LES QUESTIONS A TRANCHER
– Elles sont nombreuses et touchent au calendrier
(opter pour le printemps ou l’automne 2011 ?), à des considérations techniques
(pourra-t-on voter via internet ?) et, surtout, politiques. Certains suggèrent
d’élargir la primaire aux autres partis de la gauche. Hypothèse peut
envisageable dans la mesure où ces derniers seraient quasiment sûrs d’être
battus tout en se privant des aides publiques liées à une candidature
présidentielle. D’autres interrogations surgissent. Quels critères de sélection
adopter pour faire émerger les candidats à la candidature et organiser leur
confrontation publique ? Organisera-t-on un ou deux tours de scrutin ?

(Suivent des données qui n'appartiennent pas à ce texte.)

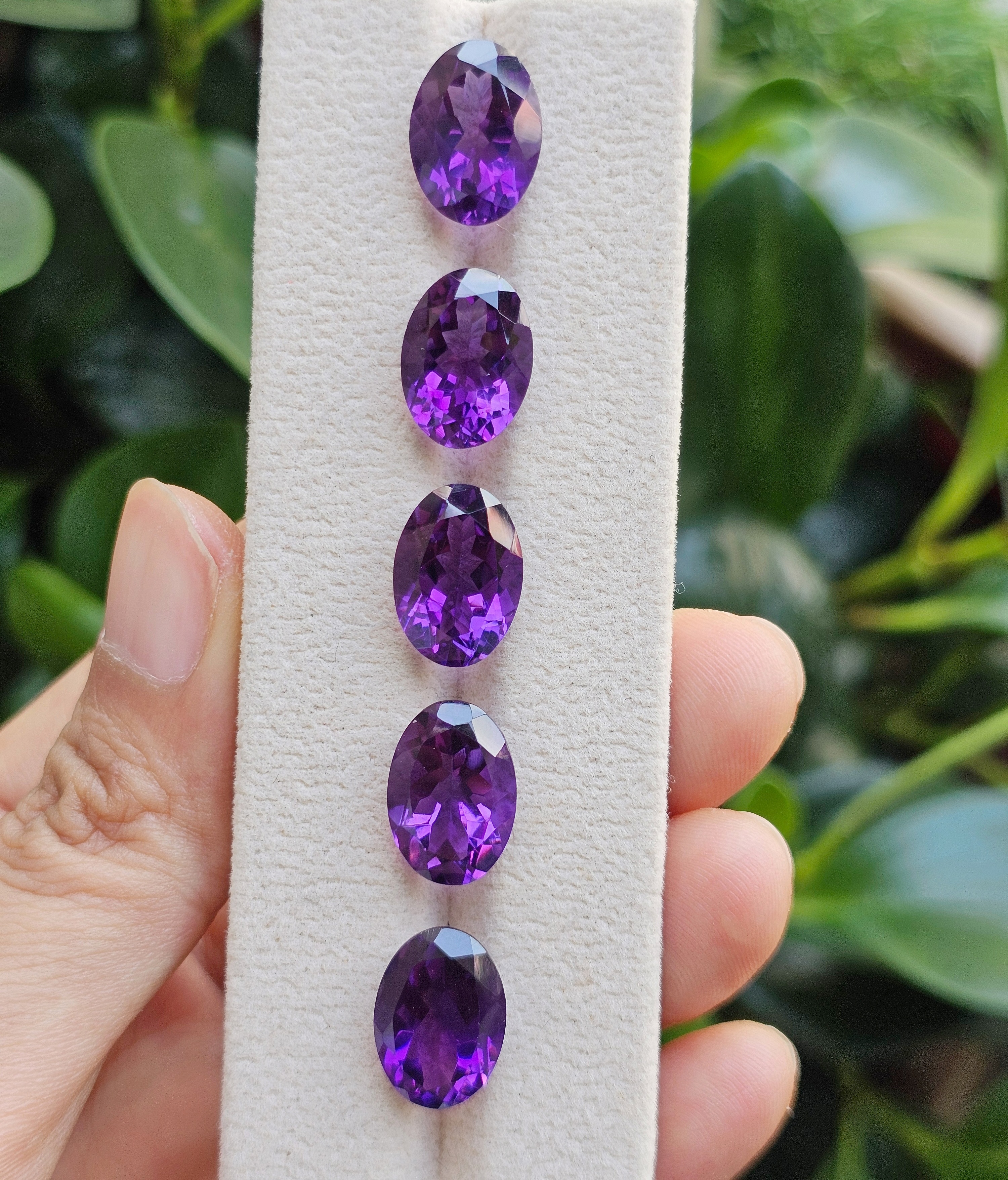 อเมทิสเข้มไข่ 14x10 mm. 1 เม็ด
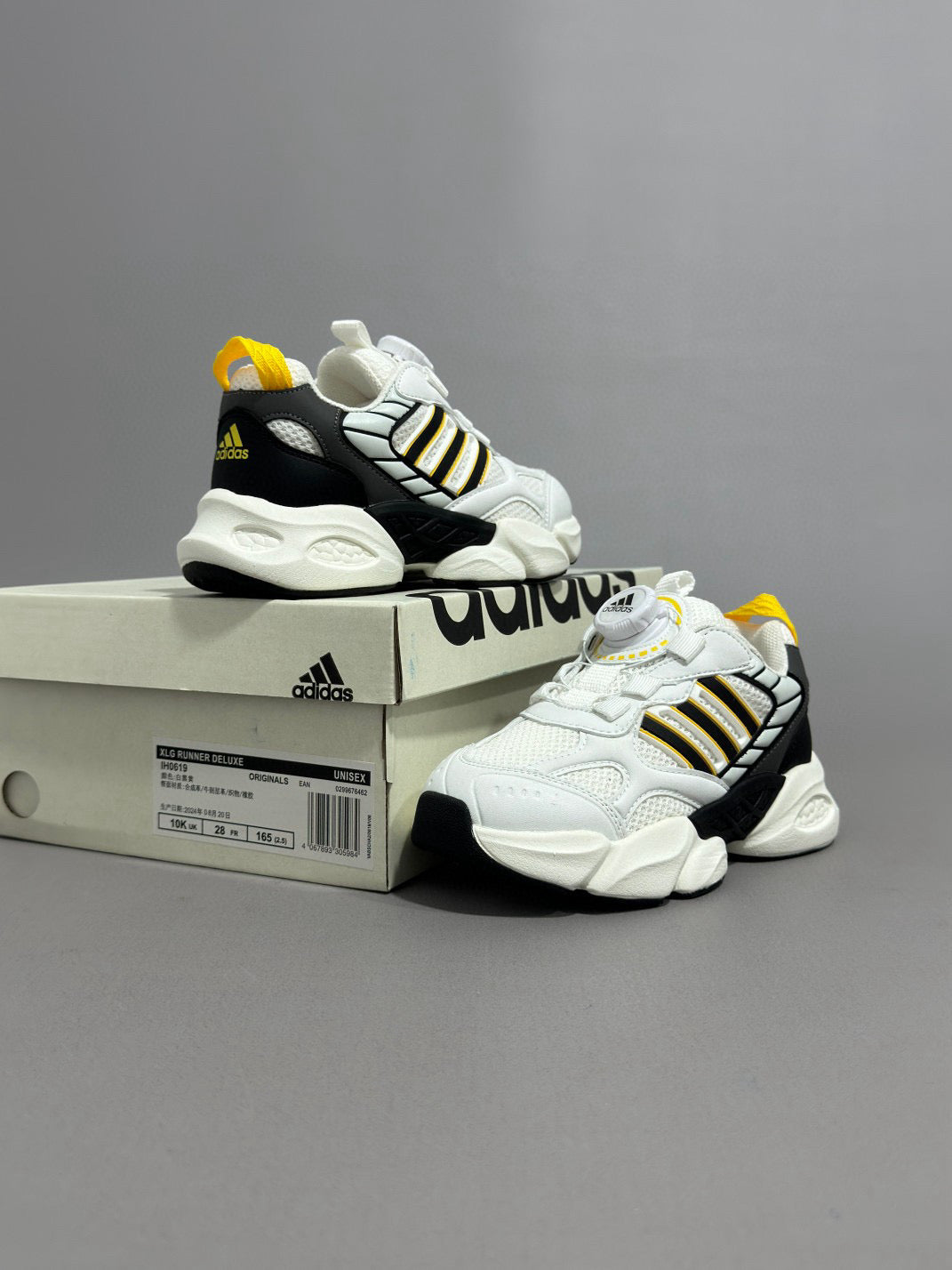 ADIDAS RUNNER DELUXE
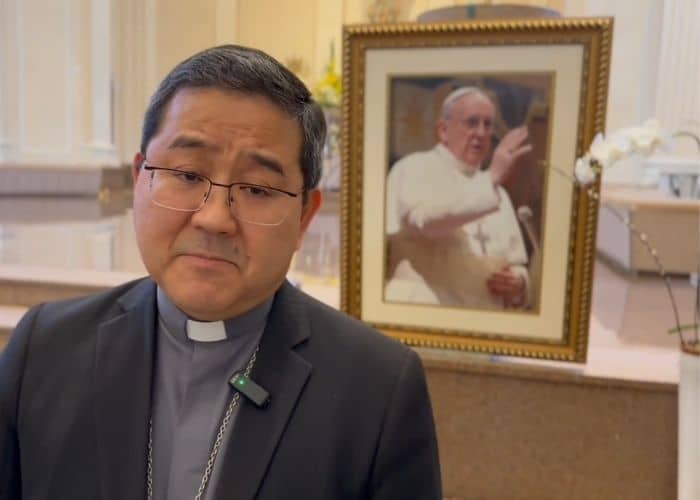 Dom J&uacute;lio com um quadro do Papa Francisco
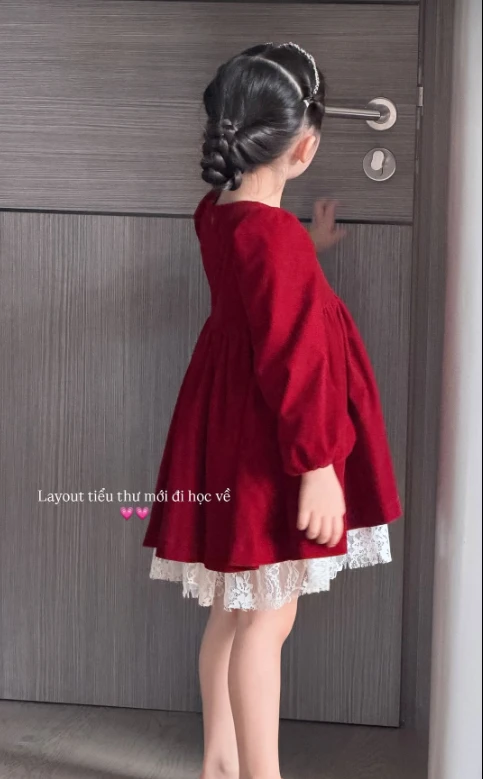 Tiểu thư Vbiz được giấu kín bưng nay đã lớn cỡ này: Mẹ là Á hậu visual đỉnh, danh tính bố cực bí ẩn Tiểu thư Vbiz được giấu kín bưng nay đã lớn cỡ này: Mẹ là Á hậu visual đỉnh, danh tính bố cực bí ẩn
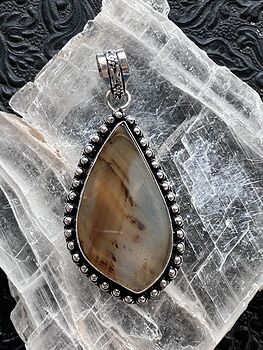 Montana Agate Chalcedony Crystal Stone Jewelry Pendant #KpkcMg6JZWE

Devra-t-on faire adopter le programme du parti avant les primaires ? Et dans
l’affirmative, comment obtenir de l’heureux élu qu’il s’y conforme ? On le voit,
rien n’est simple.

QUI EST POUR ? A priori, les pro-primaires sont aujourd’hui les plus nombreux.
Parmi les plus chauds partisans, on recense les signataires de la motion E de
Ségolène Royal, les strauss-kahniens de toutes obédiences et les amis d’Arnaud
Montebourg qui, après la VI ème République, se considère investi d’une nouvelle
mission historique. Les partisans de Benoît Hamon ne sont pas contre.

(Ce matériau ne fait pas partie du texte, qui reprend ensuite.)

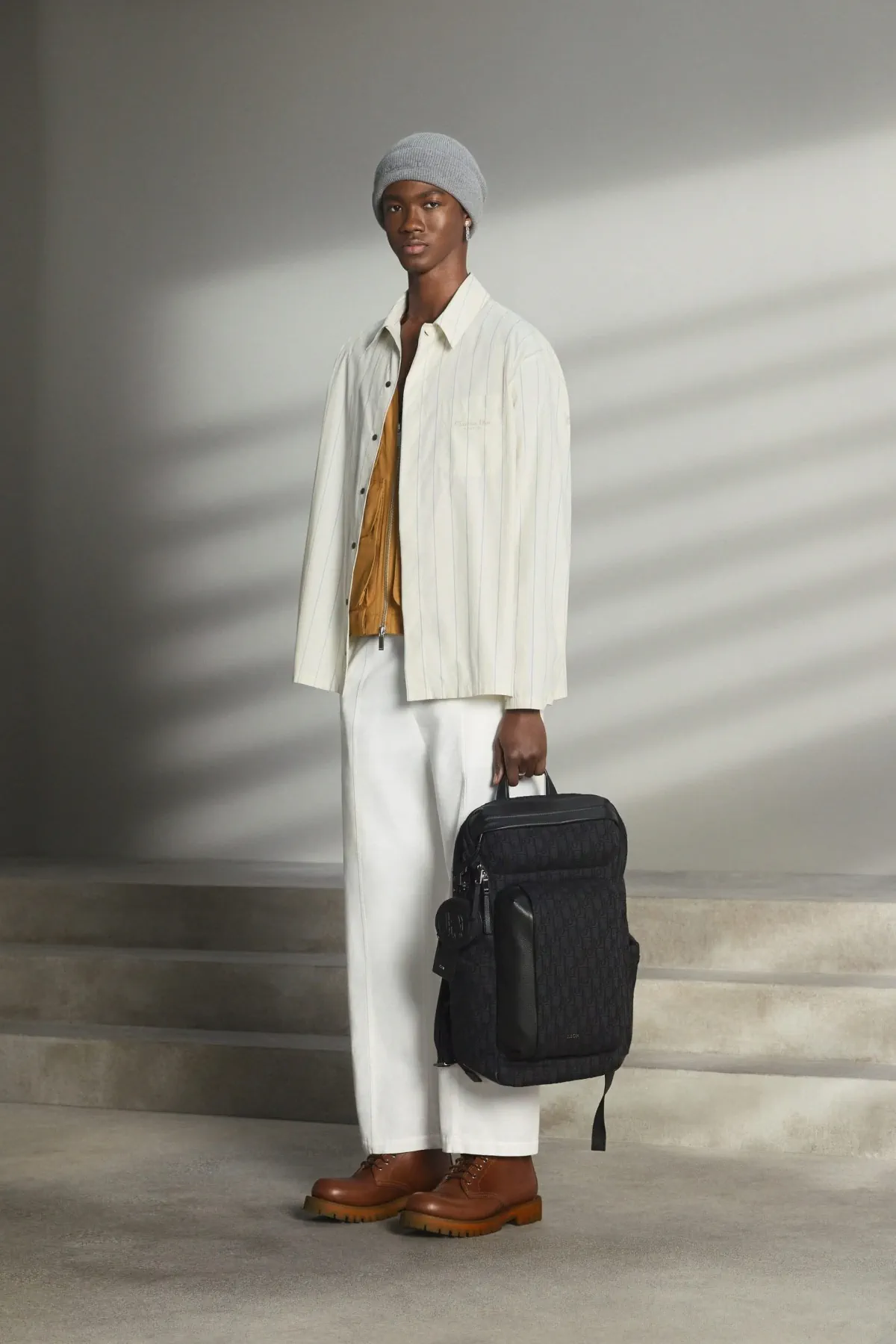 Pour la collection DIOR Men Pré-Automne 2025, Kim Jones marie avec brio les styles formels et décontractés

QUI N’EN VEUT PAS ?  François Hollande est opposé aux primaires au nom du
maintien de la primauté des militants. Et peut-être aussi parce que sa cote de
popularité dans l’opinion lui offre assez peu de chances d’être plébiscité par
les sympathisants. Pour les mêmes raisons, Laurent Fabius voit les primaires
ouvertes d’un très mauvais œil. Cela posé, on peut retourner le compliment et
remarquer que les personnalités les plus en cour dans les sondages – Ségolène
Royal mais aussi DSK – sont celles qui réclament l’organisation de ces primaires
avec le plus d’insistance. Reste le cas de Bertrand Delanoë. Evoquer la
désignation du candidat socialiste à la présidentielle par les sympathisants
peut provoquer des montéers d’urticaire dans les rangs de sa  famille d’origine,
celle des jospiniens. Or, le maire de Paris sait aussi qu’il est sans doute plus
populaire dans l’opinion publique que dans les rangs de son propre parti. Alors,
il préfère dégager très loin en touche lorsqu’on lui pose la question…

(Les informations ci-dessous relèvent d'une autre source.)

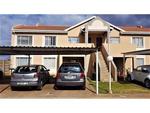 3 Bed Dassie Rand Apartment For Sale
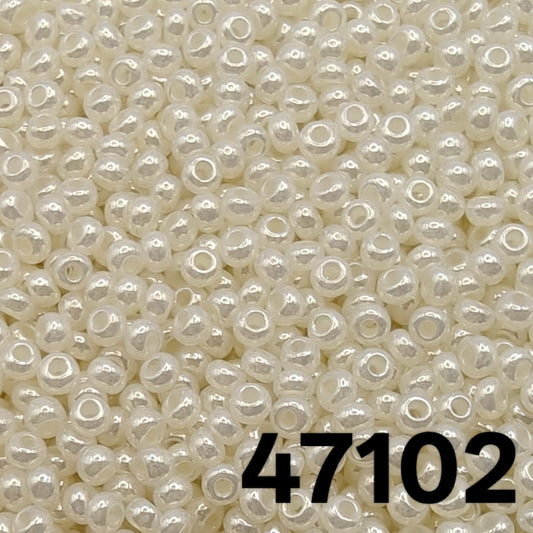 Preciosa Czech seed beads 10/0, Pearlized Off-White 47102, round glass beads close-up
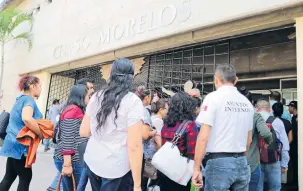  ??  ?? El pasado 22 de noviembre de este año, algunos trabajador­es del Cereso Morelos exigieron que renunciara el coordinado­r Israel Ponce de León.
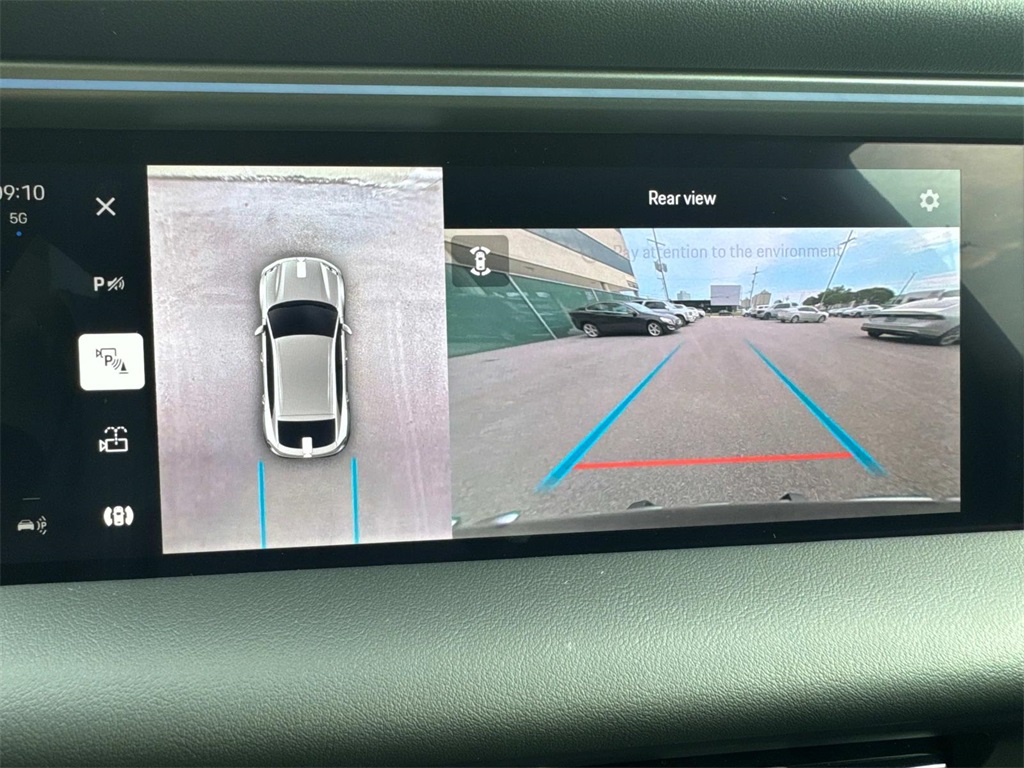 2025 Porsche Macan Electric photo 26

ET QU’EN PENSE MARTINE AUBRY ?
Cette problématique va à l’encontre de la
stratégie de la première secrétaire qui, soucieuse de conserver tout son petit
monde autour d’elle, se garde bien d’évoquer la perspective de la
présidentielle. C’est pourquoi elle a réprimandé Arnaud Montebourg, trop prolixe
à son goût à propos des primaires. Et décidé de repousser à la fin de l’année
l’organisation de la convention consacrée à la rénovation qui devra faire
trancher la question par les adhérents.
En conférence de presse, chaque fois que les primaires reviennent sur le tapis,
Martine Aubry répond que d’autres dossiers sont plus urgents. Pour elle, il faut
d’abord rénover le parti et son programme avant de se préoccuper de la
désignation de son champion. Ce raisonnement, qui a sa logique, indique que la
première secrétaire ne considère pas les primaires ouvertes comme un élément
central de la modernisation du PS. Dans son entourage, on juge qu’il serait
«anormal » d’accorder au sympathisant « qui ne s’est donné que le mal de se
déplacer » un pouvoir de décision égal à celui du militant dévoué et fidèle.
Peut-être, Martine Aubry considère-t-elle que donner les clés de 2012 aux
sympathisants avantagerait Ségolène Royal alors que le vote des adhérents du
parti lui serait plus favorable. Une opinion qui pourrait évoluer si,
d’aventure, la maire de Lille prenait de l’assurance à la tête du PS.